I just found the above. Sounds cheap to me.


----------



## hclignett (Dec 18, 2006)

weird how the tape is off of it. stolen?


----------



## seahuston (Sep 2, 2005)

No way that bike has been riden, no residue on the bars from electircal tape, or bar tape, too clean. Could be wrong but just be careful


----------



## saccycling (Sep 30, 2004)

I believe a new bike goes for about $3300. It doesn't seem to unreasonable $2500 for a used one. If it was me, I would spend the extra bucks and get a brand new one. I'm not sure how the warranty goes with trek. I think the warranty goes to the original owner. I'm not sure though.


----------



## 99trek5200 (Jan 26, 2007)

The warranty does go with the orginal owner. If I were in the market, and it were my size, I would consider it used. An $800 premium for a warranty is nuts. The odds are strongly against ever needing the warranty.


----------



## saccycling (Sep 30, 2004)

I think its a personel preferance. Used or New. Bikes are like women to me. I would pay a little more premium knowing its never been touched by anybody, except by me.


----------



## Route121 (Nov 29, 2007)

Bike looks fine, however, that being said...... if you are buying a used bike, to my knowledge, the Trek warranty does not go with it. I just don't know if I could spend that kind of money for a bike that could have been crashed then re-painted. If you are like myself, how would you know. For a comparable, I just bought a 2007 5.9 Madone w/full dura ace and discovery channel paint job for $2450 including full Trek warranty. Thats an upgrade in frame, components and full warranty.

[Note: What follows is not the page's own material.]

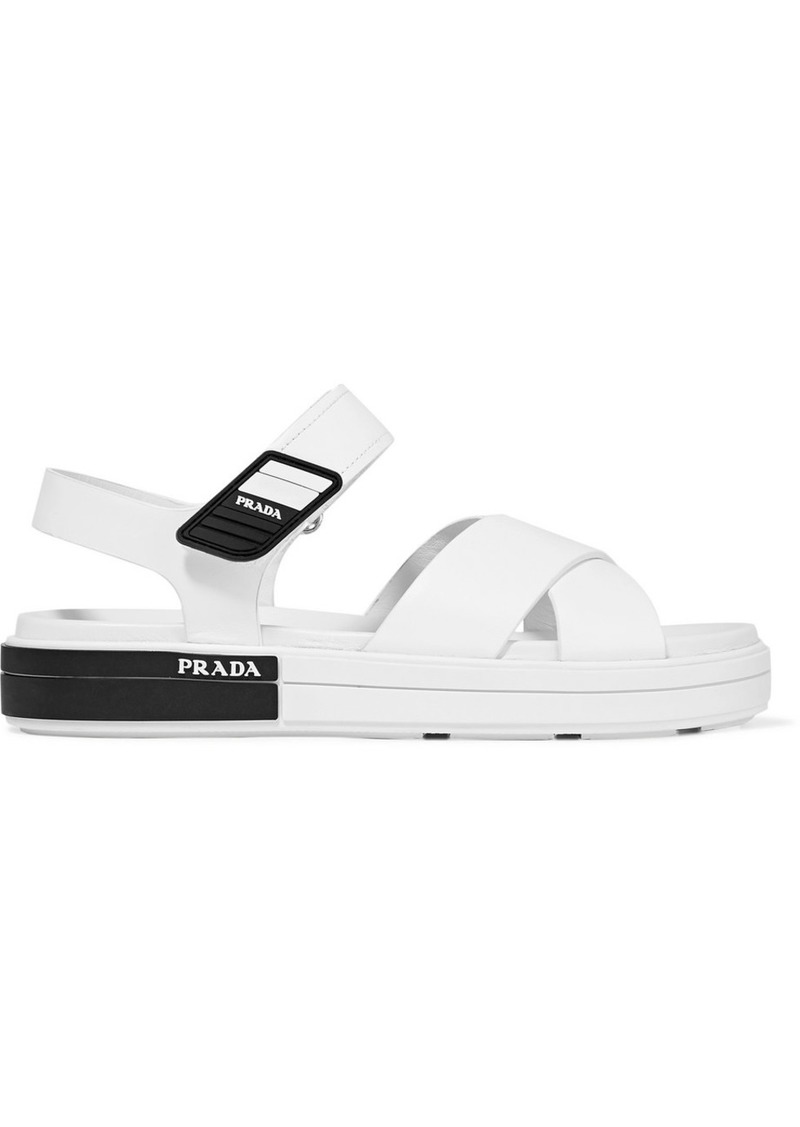 prada leather trimmed sandals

Look around, its a good time of year to be buying a 07 leftover.


----------



## saccycling (Sep 30, 2004)

Was that madone 5.9 new ? If yes. Where did you buy it at ?


----------



## Route121 (Nov 29, 2007)

Re. the Madone. The bike was lightly used by the bike shop owner. I would consider it a "Demo". He was updating to the 2008. I do know that I was lucky to find a buy like this. Patience and luck! All the other 07 leftovers were 5.2's w/ultegra for $2599 
If I can luck in on a deal like this, so can others.


----------



## unagidon (Jun 16, 2007)

Decent price, but I wouldn't consider it a huge deal. My lbs was going to offer me a 5.2, brand new for $2.8k. So another $300 off a used one doesn't seem hugely fantastic, although still worth considering if that's the bike you're looking for.


----------